Identification of a Missense Mutation in LRP4 Gene in a Palestinian Family with Cenani-Lenz Syndactyly

Abstract

Cenani-Lenz syndactyly is an autosomal-recessive congenital anomaly affecting mainly distal limb development. It is characterized by fusion and disorganization of metacarpal and phalangeal bones, radioulnar synostosis, and severe syndactyly of hands and feet. Here, we report the first case of Cenani-Lenz syndactyly among the Palestinian population. In our study, next-generation sequencing was performed on samples obtained from a large consanguineous family. Causative variant in NGS data was selected through standard bioinformatics tools. Candidate variant was Sanger sequenced in all available family members. Sequence analysis identified the homozygous missense mutation c.3049T>C (p.Cys1017Arg) in exon 22 of the LRP4 gene among four affected individuals, and perfectly segregated with the phenotype in the rest of the family. The gene LRP4 belongs to the low-density lipoprotein (LDL) receptor-related protein (LRP) family, which members are essential for various developmental processes.
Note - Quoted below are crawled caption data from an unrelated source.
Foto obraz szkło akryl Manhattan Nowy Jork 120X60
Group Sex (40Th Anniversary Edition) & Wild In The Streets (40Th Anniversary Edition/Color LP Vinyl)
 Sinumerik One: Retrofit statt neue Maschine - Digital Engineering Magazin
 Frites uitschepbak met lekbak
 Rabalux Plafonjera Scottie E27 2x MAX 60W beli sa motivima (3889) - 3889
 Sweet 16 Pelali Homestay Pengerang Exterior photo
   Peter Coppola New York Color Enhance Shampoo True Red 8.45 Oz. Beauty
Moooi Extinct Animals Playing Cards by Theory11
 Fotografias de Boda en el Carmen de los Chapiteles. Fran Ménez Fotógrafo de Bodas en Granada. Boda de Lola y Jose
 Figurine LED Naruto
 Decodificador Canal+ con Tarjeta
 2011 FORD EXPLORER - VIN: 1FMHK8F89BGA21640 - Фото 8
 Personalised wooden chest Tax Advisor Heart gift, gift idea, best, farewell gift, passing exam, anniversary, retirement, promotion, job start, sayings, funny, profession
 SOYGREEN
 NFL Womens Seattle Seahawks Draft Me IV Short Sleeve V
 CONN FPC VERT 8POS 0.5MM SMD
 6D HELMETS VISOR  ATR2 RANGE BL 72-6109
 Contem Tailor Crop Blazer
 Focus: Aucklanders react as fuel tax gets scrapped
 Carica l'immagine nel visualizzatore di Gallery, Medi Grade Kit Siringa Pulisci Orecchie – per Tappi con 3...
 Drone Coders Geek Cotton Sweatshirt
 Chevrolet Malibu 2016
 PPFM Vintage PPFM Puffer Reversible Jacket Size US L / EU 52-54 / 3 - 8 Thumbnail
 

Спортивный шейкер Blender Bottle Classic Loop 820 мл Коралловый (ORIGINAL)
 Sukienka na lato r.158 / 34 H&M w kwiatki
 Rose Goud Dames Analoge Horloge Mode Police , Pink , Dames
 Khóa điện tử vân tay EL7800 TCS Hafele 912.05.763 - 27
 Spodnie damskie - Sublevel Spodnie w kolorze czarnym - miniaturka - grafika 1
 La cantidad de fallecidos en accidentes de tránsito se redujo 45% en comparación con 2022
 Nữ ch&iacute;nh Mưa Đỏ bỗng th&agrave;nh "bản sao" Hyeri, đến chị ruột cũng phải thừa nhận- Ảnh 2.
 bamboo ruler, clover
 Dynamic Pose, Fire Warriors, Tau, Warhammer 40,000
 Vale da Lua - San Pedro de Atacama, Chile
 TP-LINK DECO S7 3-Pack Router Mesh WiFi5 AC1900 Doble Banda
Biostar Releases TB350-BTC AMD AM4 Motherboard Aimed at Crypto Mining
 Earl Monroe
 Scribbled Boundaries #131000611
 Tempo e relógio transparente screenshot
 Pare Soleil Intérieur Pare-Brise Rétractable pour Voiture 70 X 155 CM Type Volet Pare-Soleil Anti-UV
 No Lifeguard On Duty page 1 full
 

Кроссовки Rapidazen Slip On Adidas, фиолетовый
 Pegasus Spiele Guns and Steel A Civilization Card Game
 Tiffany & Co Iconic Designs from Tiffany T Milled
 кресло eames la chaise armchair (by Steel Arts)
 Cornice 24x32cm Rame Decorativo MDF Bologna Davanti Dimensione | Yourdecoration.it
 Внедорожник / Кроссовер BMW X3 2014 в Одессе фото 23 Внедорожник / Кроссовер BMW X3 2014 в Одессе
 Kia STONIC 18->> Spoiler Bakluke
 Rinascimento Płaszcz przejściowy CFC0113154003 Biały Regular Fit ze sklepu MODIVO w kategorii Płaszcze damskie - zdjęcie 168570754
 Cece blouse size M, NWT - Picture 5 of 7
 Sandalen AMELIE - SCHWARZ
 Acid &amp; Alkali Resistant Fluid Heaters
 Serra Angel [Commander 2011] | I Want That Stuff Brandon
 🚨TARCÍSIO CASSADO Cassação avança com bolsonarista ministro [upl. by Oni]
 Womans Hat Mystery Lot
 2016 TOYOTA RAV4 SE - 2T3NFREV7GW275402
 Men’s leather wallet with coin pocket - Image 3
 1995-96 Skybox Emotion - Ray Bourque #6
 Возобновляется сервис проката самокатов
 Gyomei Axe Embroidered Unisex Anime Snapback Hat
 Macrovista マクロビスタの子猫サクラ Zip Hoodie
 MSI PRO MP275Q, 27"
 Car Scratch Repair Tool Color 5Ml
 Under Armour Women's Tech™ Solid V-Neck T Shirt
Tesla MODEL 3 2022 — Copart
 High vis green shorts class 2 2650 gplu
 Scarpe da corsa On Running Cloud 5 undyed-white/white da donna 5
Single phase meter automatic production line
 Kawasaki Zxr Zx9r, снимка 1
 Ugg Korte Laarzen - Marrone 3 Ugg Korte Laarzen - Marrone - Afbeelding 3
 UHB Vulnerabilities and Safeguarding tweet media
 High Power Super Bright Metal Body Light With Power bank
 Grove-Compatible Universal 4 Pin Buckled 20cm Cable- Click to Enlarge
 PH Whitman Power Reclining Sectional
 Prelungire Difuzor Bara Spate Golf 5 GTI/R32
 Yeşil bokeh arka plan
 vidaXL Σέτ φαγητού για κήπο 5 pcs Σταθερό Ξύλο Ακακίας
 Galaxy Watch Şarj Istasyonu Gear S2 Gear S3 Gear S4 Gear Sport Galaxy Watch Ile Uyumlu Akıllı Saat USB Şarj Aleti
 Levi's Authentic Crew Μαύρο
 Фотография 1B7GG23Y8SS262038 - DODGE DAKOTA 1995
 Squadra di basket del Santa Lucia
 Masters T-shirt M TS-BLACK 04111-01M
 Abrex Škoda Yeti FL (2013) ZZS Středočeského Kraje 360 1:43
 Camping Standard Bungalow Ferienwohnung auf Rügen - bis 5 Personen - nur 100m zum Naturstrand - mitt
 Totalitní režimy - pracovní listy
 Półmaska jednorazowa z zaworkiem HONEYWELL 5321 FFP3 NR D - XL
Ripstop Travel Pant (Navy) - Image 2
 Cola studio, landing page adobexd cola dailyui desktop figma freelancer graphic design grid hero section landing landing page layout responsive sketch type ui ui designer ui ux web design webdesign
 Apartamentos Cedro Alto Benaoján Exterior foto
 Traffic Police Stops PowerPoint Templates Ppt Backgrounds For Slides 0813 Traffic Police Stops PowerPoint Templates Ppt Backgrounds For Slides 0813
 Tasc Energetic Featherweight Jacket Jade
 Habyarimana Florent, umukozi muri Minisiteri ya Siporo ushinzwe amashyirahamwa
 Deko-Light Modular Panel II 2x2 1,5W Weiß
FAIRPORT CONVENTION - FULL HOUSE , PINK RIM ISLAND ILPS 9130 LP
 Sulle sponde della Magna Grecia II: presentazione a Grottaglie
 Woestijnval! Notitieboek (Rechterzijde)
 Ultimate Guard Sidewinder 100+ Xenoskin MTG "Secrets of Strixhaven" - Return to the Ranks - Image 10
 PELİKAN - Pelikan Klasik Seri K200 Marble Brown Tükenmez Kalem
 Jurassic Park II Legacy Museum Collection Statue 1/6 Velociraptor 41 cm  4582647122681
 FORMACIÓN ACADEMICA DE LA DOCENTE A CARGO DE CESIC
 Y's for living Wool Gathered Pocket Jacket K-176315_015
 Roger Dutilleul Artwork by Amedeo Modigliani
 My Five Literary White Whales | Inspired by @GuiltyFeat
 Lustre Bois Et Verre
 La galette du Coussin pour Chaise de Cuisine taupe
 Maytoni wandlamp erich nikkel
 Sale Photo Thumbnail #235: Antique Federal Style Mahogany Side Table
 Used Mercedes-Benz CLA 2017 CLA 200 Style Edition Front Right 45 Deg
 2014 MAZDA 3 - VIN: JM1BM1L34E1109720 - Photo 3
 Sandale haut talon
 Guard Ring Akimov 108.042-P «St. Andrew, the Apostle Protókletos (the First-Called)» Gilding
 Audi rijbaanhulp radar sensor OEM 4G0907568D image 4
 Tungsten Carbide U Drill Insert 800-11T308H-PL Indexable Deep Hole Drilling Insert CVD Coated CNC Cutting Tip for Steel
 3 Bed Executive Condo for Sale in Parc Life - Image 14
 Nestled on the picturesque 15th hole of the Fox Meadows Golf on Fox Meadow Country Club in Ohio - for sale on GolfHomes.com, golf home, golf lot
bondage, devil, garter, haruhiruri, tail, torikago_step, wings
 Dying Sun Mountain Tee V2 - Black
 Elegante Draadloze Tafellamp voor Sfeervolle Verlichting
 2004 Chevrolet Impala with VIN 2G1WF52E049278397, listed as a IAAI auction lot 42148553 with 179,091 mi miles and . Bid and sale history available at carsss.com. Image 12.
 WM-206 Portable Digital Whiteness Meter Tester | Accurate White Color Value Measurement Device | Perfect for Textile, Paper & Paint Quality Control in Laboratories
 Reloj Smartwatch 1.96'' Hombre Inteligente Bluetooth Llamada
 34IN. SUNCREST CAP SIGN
LRP4 gene is important for the control and modification of Wnt signaling, a pathway that has an important role in limb development. The identified variant is located in the extracellular EGF-like domain of LRP4 and is highly conserved across various species. We propose that this missense mutation will abolish the inhibitory effect of LRP4 and thus will lead to over activation of the Wntsignaling cascade. This variant is predicted to be “pathogenic” by SIFT, Polyphen-2 and Mutation taster software, but functional analyses are still required to further support the causality. Our study will contribute to the understanding of the pathogenesis underlying Cenani-Lenz syndactyly, improving clinical and molecular diagnosis; thus, making genetic counseling and preimplantation genetic diagnosis (PGD) easier in future.